↓
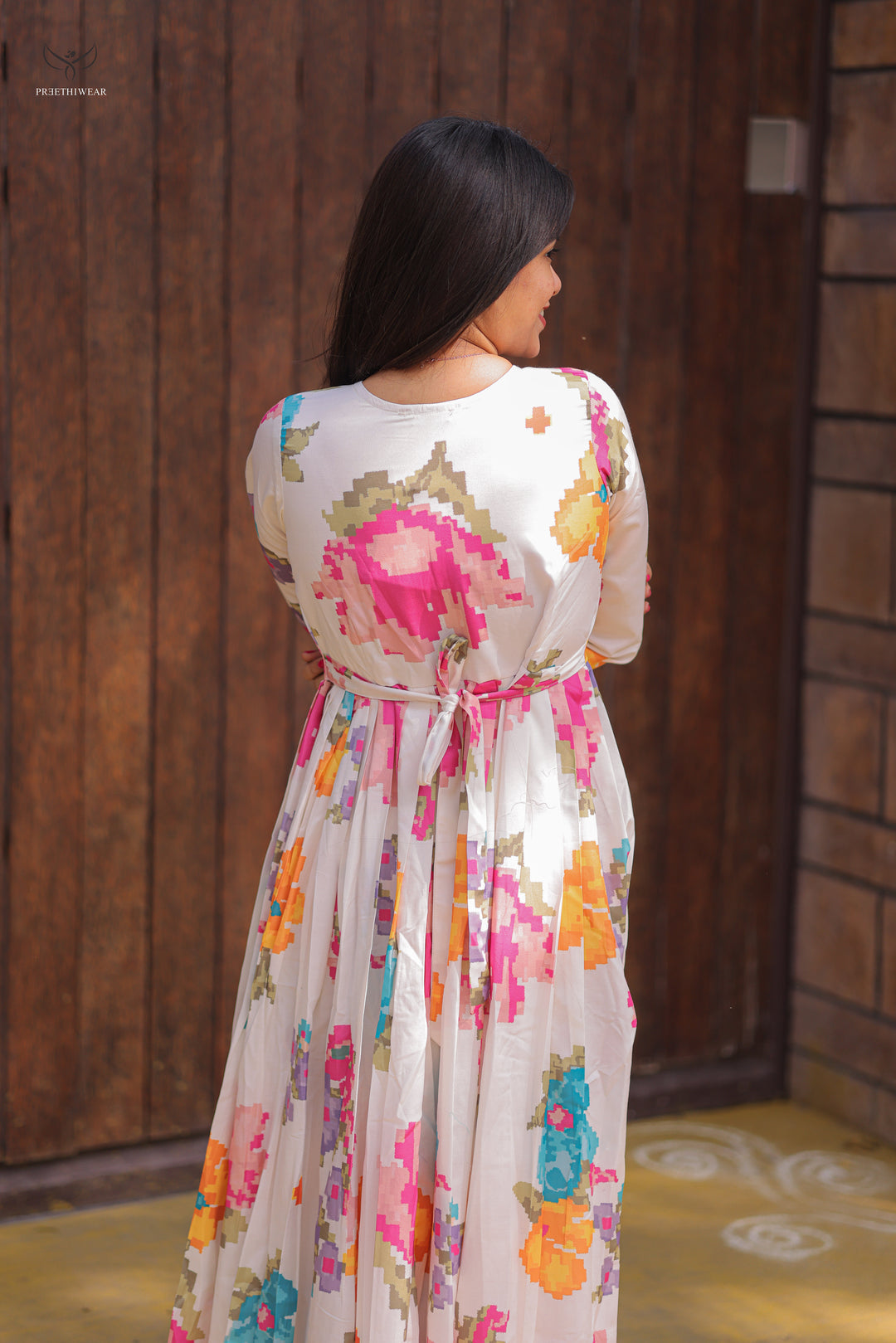 Floral Printed Maternity Dress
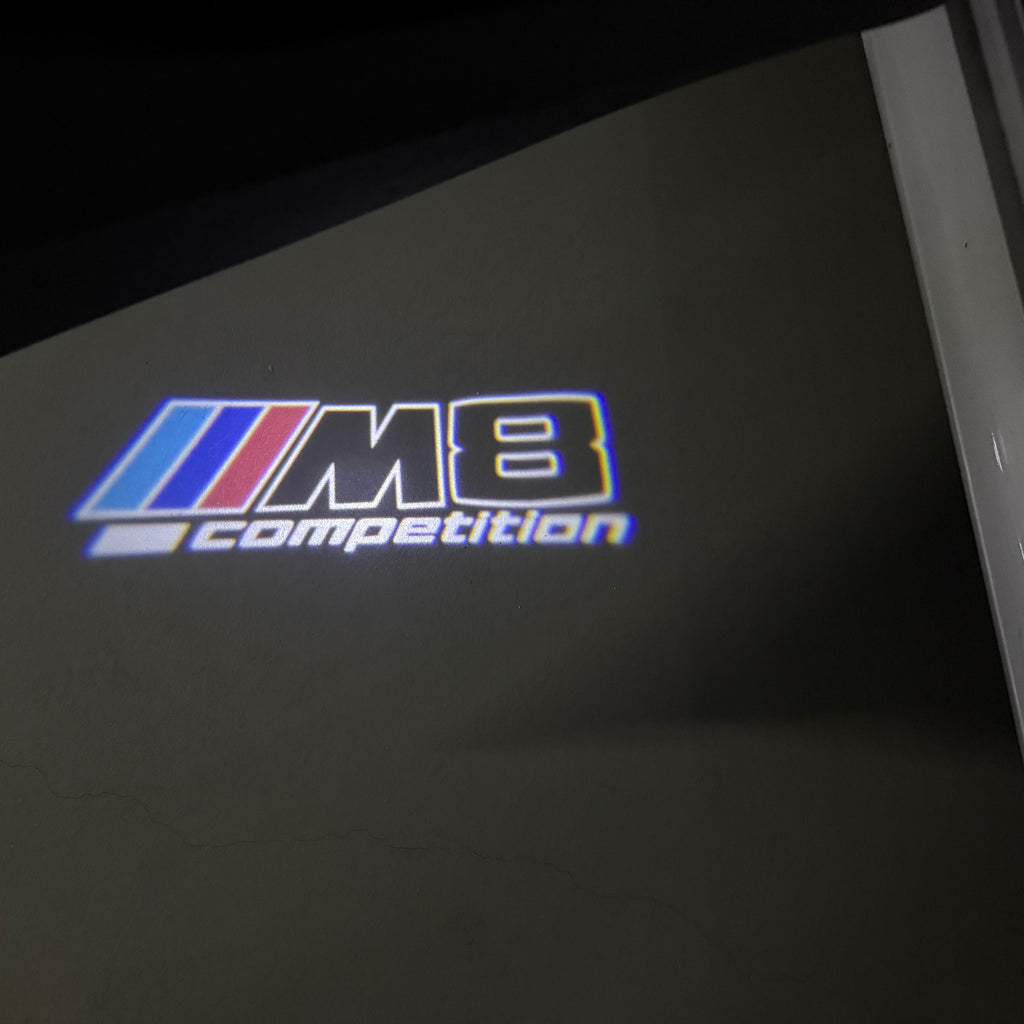 ÉCLAIRAGE DE PROJECTEUR BMW M3 LOGO Nr.24 (quantité 1 = 1 jeux / 2 feux de porte)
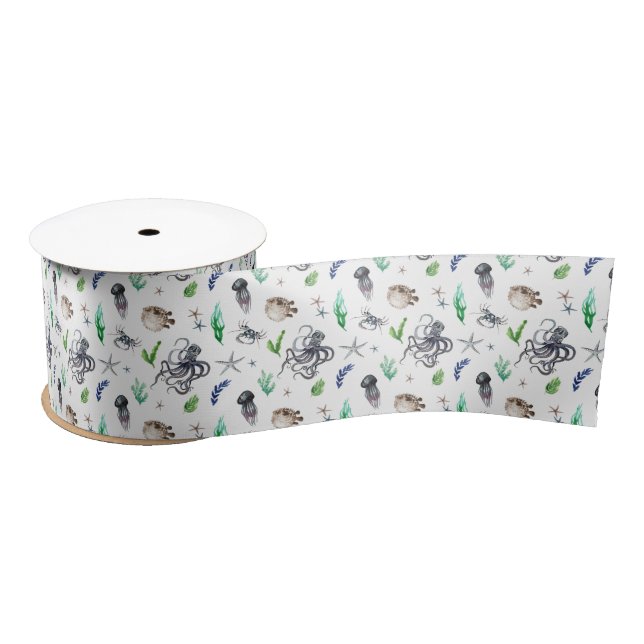 SEA LIFE SATIN RIBBON (Spool)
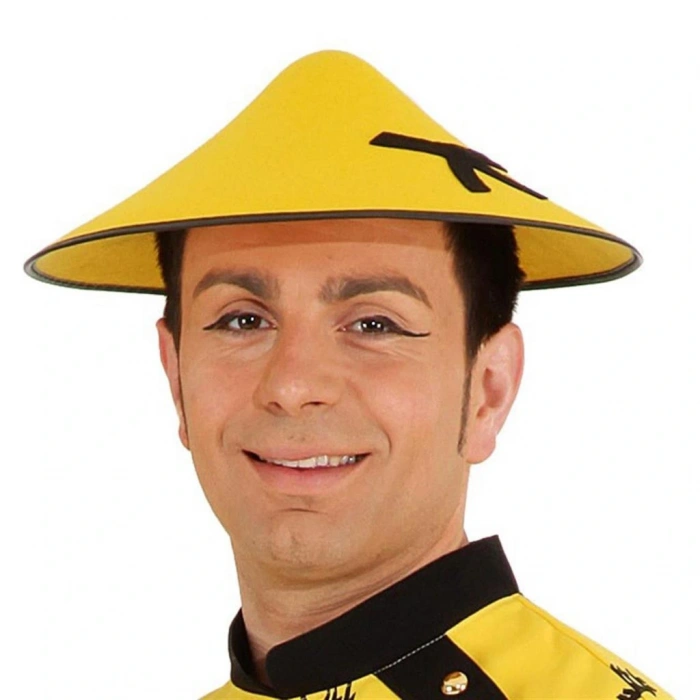 Timion Uzak Doğu Asyalı Çin Japon Şapkası Sarı Renk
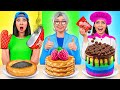 Me vs Grandma Cooking Challenge | Crazy Challenge by Multi DO Challenge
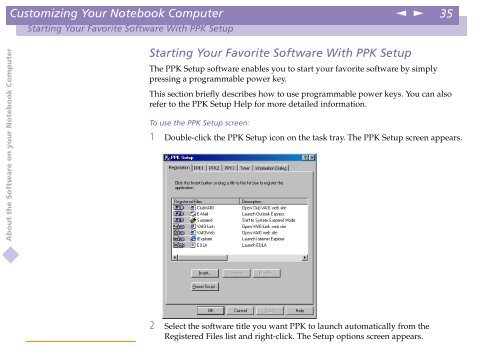 Sony PCG-F409 - PCG-F409 Manuale software Inglese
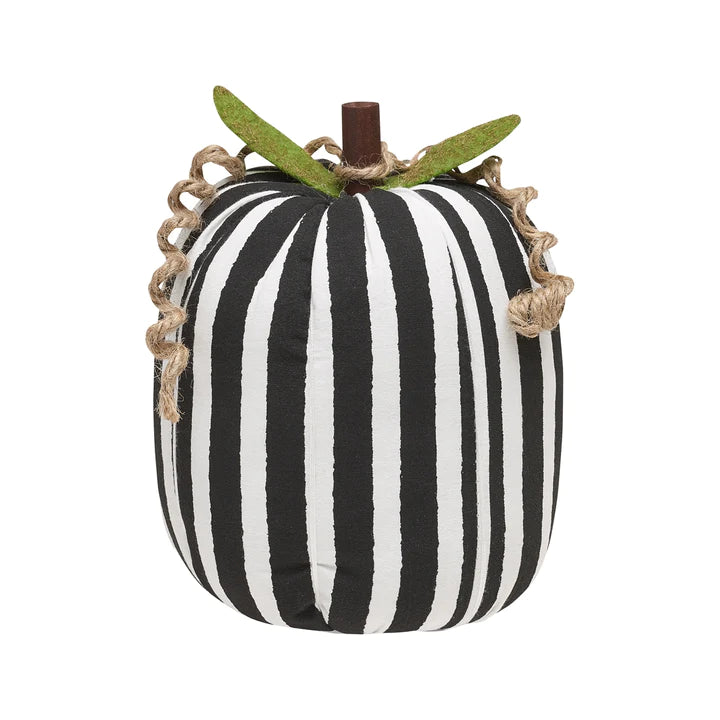 Black and White Stripe Pumpkin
↑
# TASK DETAILS:
Restate word for word the lines that begin at the one containing "Me vs Grandma" and end with the final line of the records. Pictures stay out.

# EXERCISE SOLUTION:
 Me vs Grandma Cooking Challenge | Crazy Challenge by Multi DO Challenge
 Sony PCG-F409 - PCG-F409 Manuale software Inglese
 Black and White Stripe Pumpkin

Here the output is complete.